**Exercise directions**
While leaving the pictures out, set down only the lines from the one with "Used 2020 Toyota Camry LE FWD image 28" through the end of the records, exactly as they stand.

**Data records**
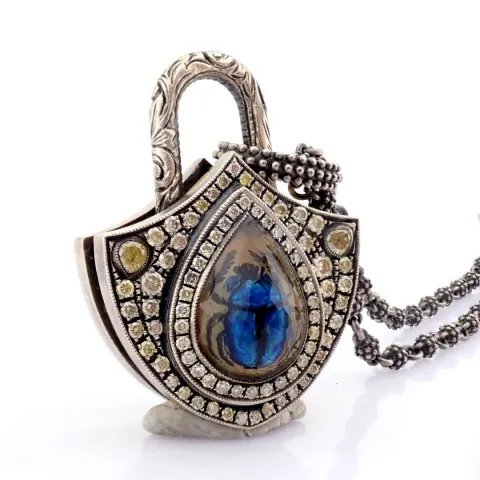 An Exquisite, Convertible Clasp Necklace Embellished With Gold, Topaz With Reversely Engraved Intagl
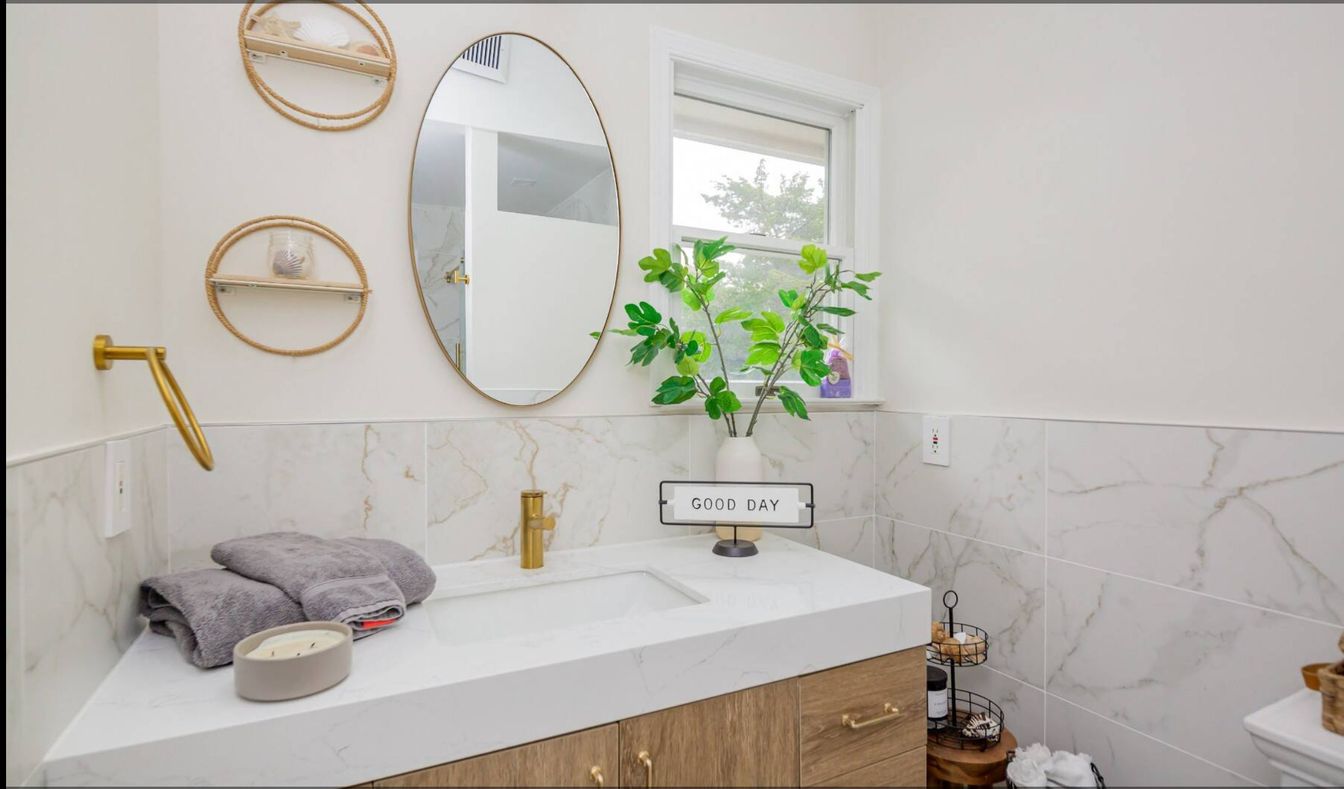 Bathroom, Interior, Marble Walls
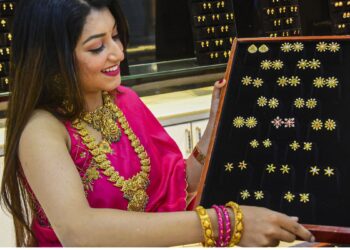 Gold Rate Today: तनिष्क, कल्याण ज्यूलर्स, जोएअल्लुकास या मलाबार, जानें कहां मिल रहा है सबसे सस्ता सोना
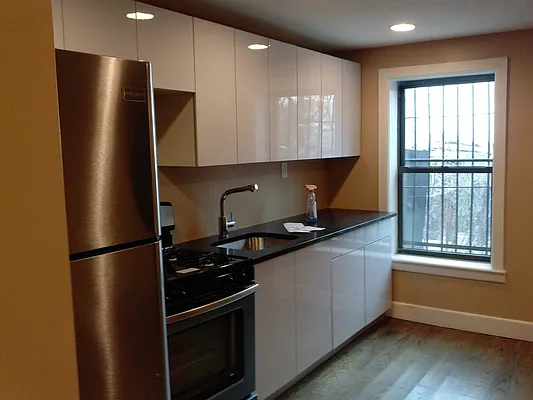 Rented by Corcoran | media 1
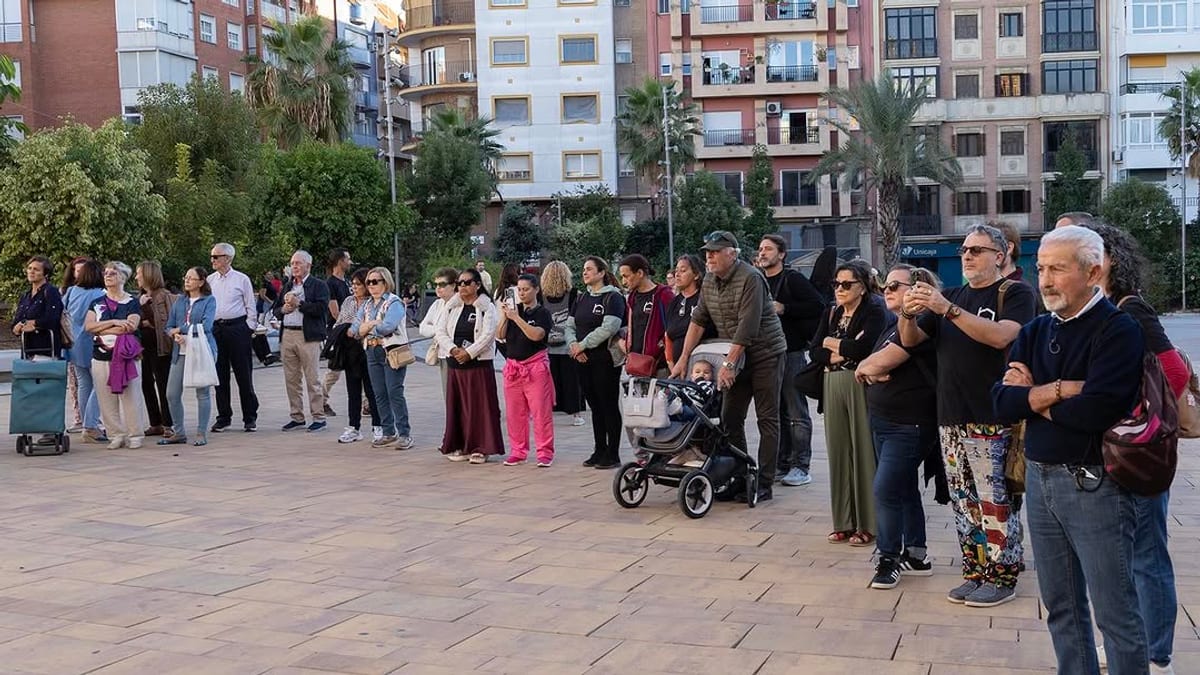 Acto de sensibilización sobre el sinhogarismo en la Plaza de la Merced de Huelva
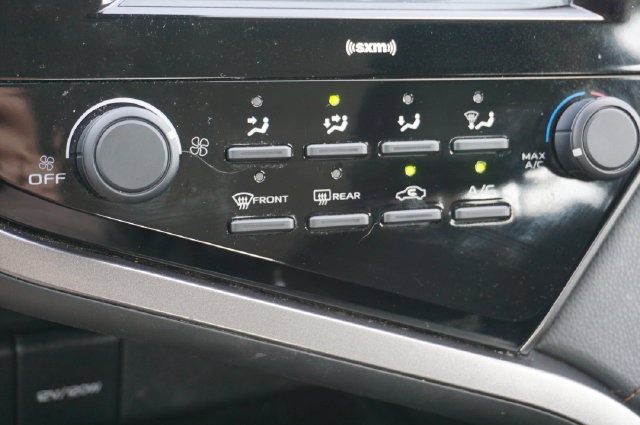 Used 2020 Toyota Camry LE FWD image 28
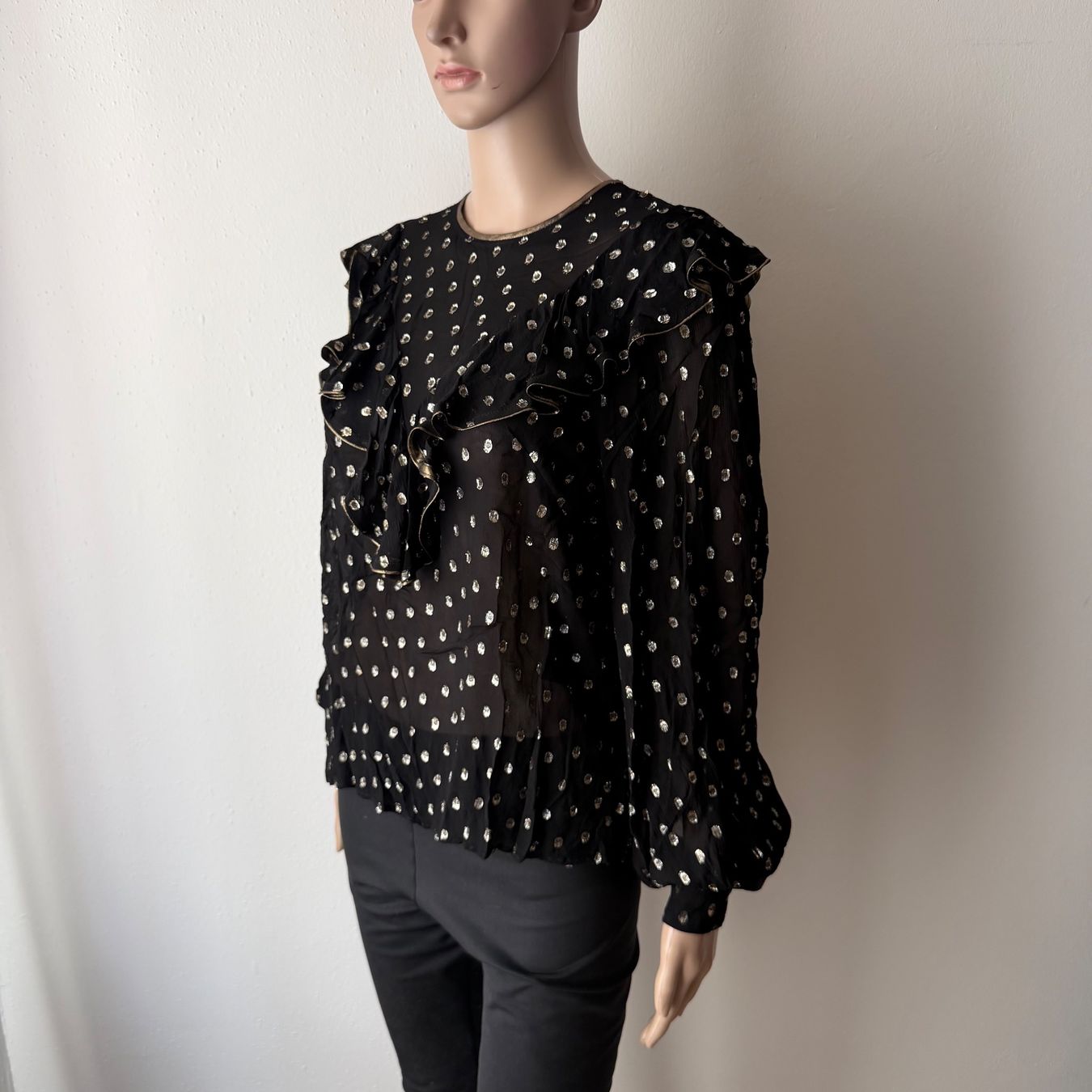 Sandro Camicette: SANDRO Rüschenbluse semi-transparent 🖤 – Usato da Zürich venduto da ClosetQueen 2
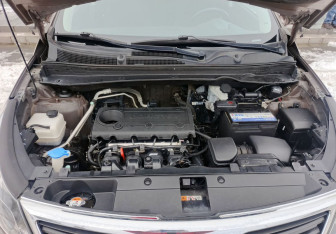 Подержанный автомобиль Kia Sportage 2011 года (11 фото)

**Reply to the exercise**
 Used 2020 Toyota Camry LE FWD image 28
 Sandro Camicette: SANDRO Rüschenbluse semi-transparent 🖤 – Usato da Zürich venduto da ClosetQueen 2
 Подержанный автомобиль Kia Sportage 2011 года (11 фото)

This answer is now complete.